Smooth analysis was pioneered by Spielman and Teng [173] as a framework to explain the practical success of heuristics that do not admit traditional worst-case analysis. It is a hybrid of worst-case and average-case analysis that inherits advantages of both, by measuring the expected performance of algorithms under slight random perturbations of worst-case inputs. If the smoothed complexity of an algorithm is low, then it is unlikely that the algorithm will take long time to solve practical instances whose data are subject to slight noises and imprecisions. For instance the Simplex algorithm runs in exponential-time in the worst-case and yet in practice it is a very efficient algorithm. This was one of the main motivations for developing smoothed analysis and the celebrated proof that the Simplex algorithm has polynomial time smoothed complexity [173].
Researchers have investigated the smoothed complexity of several problems, mostly numerical ones (e.g. [20, 46, 47, 19]) and some discrete problems (e.g. [25, 134, 174]). However, there are very few instances where smoothed analysis has been used to tackle problems concerning sequences. A notable exception is the work by Andoni and Krauthgamer [13] who initiated the study of the smoothed complexity of sequence alignment. In pattern matching one often finds problems where there is a significant gap between worst-case and average-case algorithmic complexity while practice suggests the latter is most relevant (e.g., in sequential searching both in the exact and the approximate case [63]). Smoothed analysis seems especially well suited to help explain such state of affairs. We intend to explore these issues, for the case of exact and also approximate string matching algorithms. More general variants might also be considered, such as multi-pattern matching, regular expression matching, and tree pattern matching.
Kiwi, Navarro and Telha [122] considered the approximate string-matching problem (in its on-line version where the text is not pre-processed) under a relaxed scenario that is still useful for most applications. Specifically, they relax the goal of listing all substrings of the text T at (edit) distance at most k from pattern P to that of listing each such position with probability at least 1 − ϵ. Using sampling techniques motivated by the testing paradigm they show how to beat the optimal expected time approximate string-matching algorithm of Chang and Marr [51]. We intend to further develop this approach and apply it to pattern matching algorithms and information retrieval procedures. A celebrated recent result due to Alon et al. [7] (see also [8, 44]) completely characterizes which properties of dense graphs are testable in terms of Szemerédy regularity partitions [40, IV.5]. To the best of our knowledge, no similar result is known for properties concerning ordered structures such as sequences and permutations. Given our interest in testing and pattern matching, we intend to address this anomaly in the development of the theory of property testers.

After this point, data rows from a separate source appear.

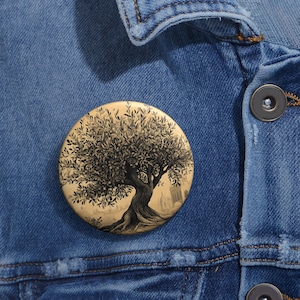 May include: A round button featuring a detailed illustration of a tree with a thick trunk and many branches. The tree is drawn in shades of brown and black against a light brown background.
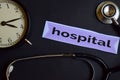 Hospital on the print paper with Healthcare Concept Inspiration. alarm clock, Black stethoscope. Royalty Free Stock Photo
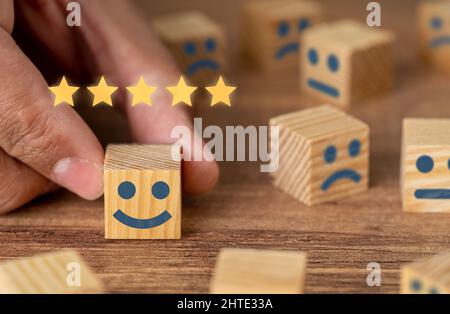 Hand pflücken lächelnd gesichtigen Holzwürfel und 5 Sterne. Symbol für die Überprüfung und Bewertung des Kundendienstes. Konzept Feedback zur Kundenzufriedenheit, Umfrage. Stockfoto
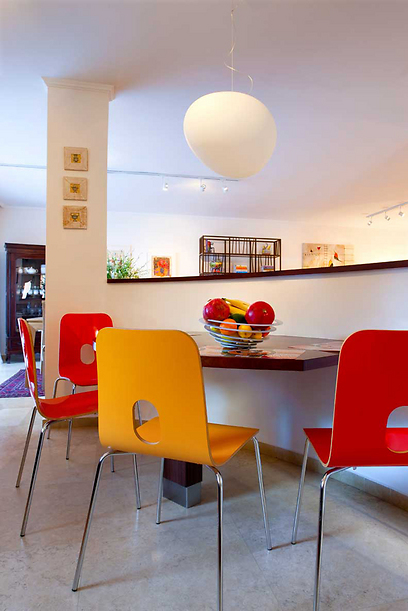 המטבח לא שופץ אלא נקנו לו אביזרים חדשים כמו כיסאות צבעוניים בגווני אדום וכתום ונתלתה מנורה מעל שולחן אוכל (צילום: עדי גלעד) (צילום: עדי גלעד)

The emergence of huge computer networks has enabled the study of very large and complex social interactions. Knowing the precise structure of such networks is algorithmically impractical and often impossible. This turns out to be an ideal application scenario for the testing paradigm, yet a better understanding is needed on how to handle and extract information from such objects. One approach consists in using randomized sampling techniques to drive a local exploration of a large structure (e.g. a network) in order to extract a smaller profile from which to identify a desired substructure (e.g. a cluster). For example, identifying dense subgraphs is an increasingly important task in the study of large networks. A local algorithm for finding dense subgraphs was given in [11, 12], which however requires complete knowledge of the link structure in the neighborhood where a dense subgraph is being sought. Since access to the graph’s link structure usually carries a cost, we aim to design local sampling algorithms that find dense subgraphs by accessing only a sub-linear number of its links.

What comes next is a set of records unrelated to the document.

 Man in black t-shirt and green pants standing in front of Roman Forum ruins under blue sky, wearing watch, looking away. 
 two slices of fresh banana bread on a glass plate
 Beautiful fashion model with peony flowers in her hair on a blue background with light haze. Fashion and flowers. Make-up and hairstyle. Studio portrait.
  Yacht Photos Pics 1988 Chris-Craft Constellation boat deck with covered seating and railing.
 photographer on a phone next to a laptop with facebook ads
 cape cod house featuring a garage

Routing strategies for navigating synthetic or real-world networks specify rules to move in a graph from a given vertex towards a target vertex along paths close to optimal. Although full-tables allow to route optimally, their use in large networks is limited since they require to store locally O(nlog k) bits (in a network of size n and maximum degree k). Practical routing strategies are forced to make assumptions on the structure of the network in order to guarantee delivery of the message or to route using suboptimal paths. Dragan and Matamala [72] proposed a new routing strategy where distances in a spanning tree are used as global information while routing decisions are taken locally. In this approach the local memory requirement is reduced to O(k log(n)) bits plus the information for computing distances in the spanning tree O(log 2(n)). Even though message delivery is guaranteed, delays can be larger than the length of the shorter paths. One specific aim on this proposal is to enrich our knowledge about classes of networks where we can guarantee that our strategy is optimal, a fact already established for some well-structured networks.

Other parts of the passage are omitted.